In Washington, D.C., these facts are routinely ignored. In Washington state, they finally ignited a progressive campaign. Churches, community groups, labor unions and thousands of volunteers came together to put Initiative 688 on the ballot.
Then a funny thing happened: The opposition didn't show up. ``I'm still amazed that the national restaurant lobbies and the NFIB (the National Federation of Independent Business) took a pass,'' the measure's campaign director, Tim Flynn, told me. But with times good, people were inclined to share the wealth. The movement's simple argument - if you do what society says, and go out and work hard all day, you shouldn't live in abject poverty - was hard to rebut. With the measure a big winner in polls from day one, business chose not to fight.
That reticence won't be repeated at the national level, where Ted Kennedy is already plotting another fight on the minimum wage. His last bill included indexing - before the White House urged him to drop the provision to broaden the bill's support.
It's not that the NFIB doesn't have a point. For one thing, minimum-wage hikes aren't targeted to those who need help. Why mandate a raise for teenage busboys from comfortable families when you really want to give hard-pressed breadwinners a lift? Such flaws make the earned income tax credit and other targeted wage subsidies better tools for poverty-fighting.
But a civilized society in which low earners have little bargaining power requires a decent wage floor. It doesn't kill tons of jobs, as foes claim. For all the GOP cries of doomsday during the last minimum-wage debate, for example, we've since pushed unemployment down to 4.6 percent. Even the boss-leaning Wall Street Journal reported that the hike had little impact on job creation, as new studies of low-wage labor markets had been predicting for several years.
Indeed, the best thing indexing would do for American politics is banish the absurd arguments both sides roll out each time around. If 6 bucks an hour sounds good, says the right, why not make it $10? Or $50? If a minimum wage is so awful, answers the left, why don't you just bring back slavery?

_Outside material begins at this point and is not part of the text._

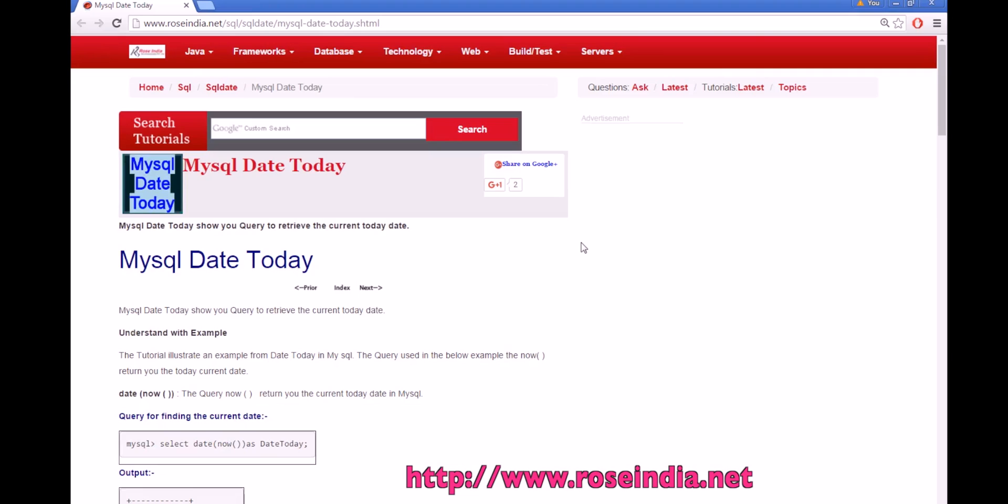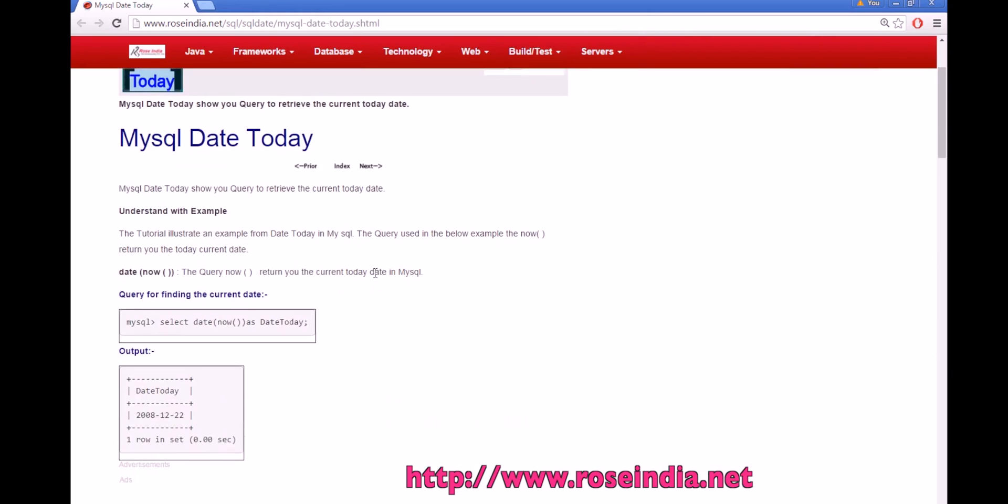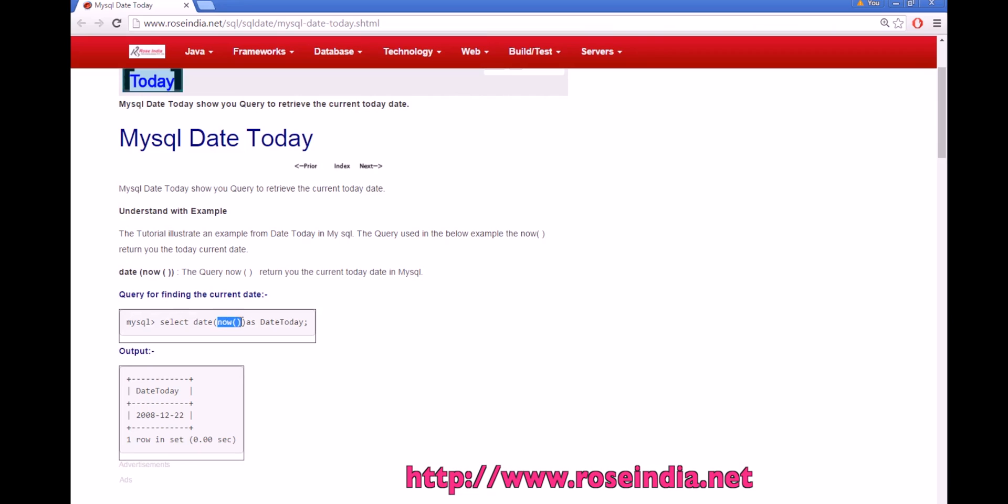How to get today's date in MySQL. In this example we are going to use a function called NOW in MySQL that will return today's date. You can write the query like this: select date and pass the NOW function as a parameter as today. This will return the current date from the MySQL database.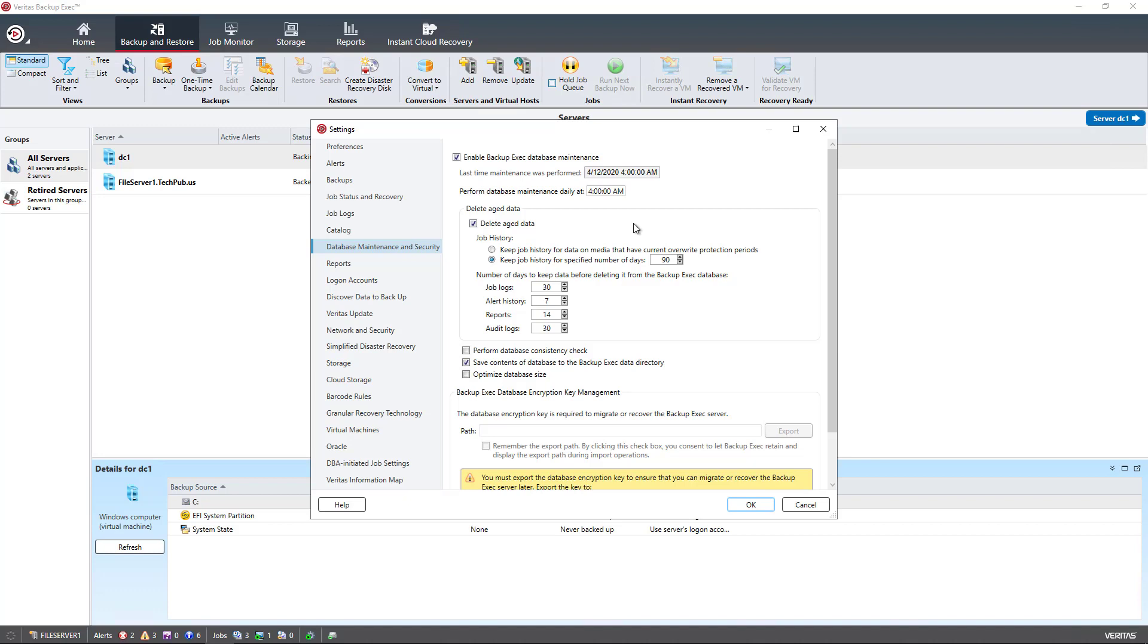You can see that the Database Maintenance is enabled, and it's enabled by default now in version 21. You can also see the last time and day that it was performed. Database Maintenance is going to happen daily at 4 a.m. You can change that if you need to. And we can delete aged data after the default of 90 days.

With indexing, such silly posturing could be banished. For businesspeople, modest and predictable hikes each year are better than not knowing when Congress will jerk your labor costs around on a whim. For liberals, an assured boost means less time fighting for basics and more time asking why our economy leaves so many full-time workers in poverty, even after the minimum is indexed.
In the end, it's partisan Democrats who will have to make the biggest sacrifice by embracing automatic indexing. As things now stand, with Congress needing to act, Democrats are guaranteed a politically potent brawl every few years that boosts turnout and reminds voters which side they're on.
This means that despite President Clinton's call for a minimum-wage boost as one of his post-election priorities, it's likely this issue ultimately will be saved for 2000 to lift Democratic election hopes.
Yes, there's something depressingly cynical about Dick Gephardt and Tom Daschle withholding a $1,500 raise from poor workers so they can milk it later for all it's worth. Still, I'm ready to give them one last great ride on the issue, if they'll kick the habit and give the rest of us an indexed minimum wage for the new millennium.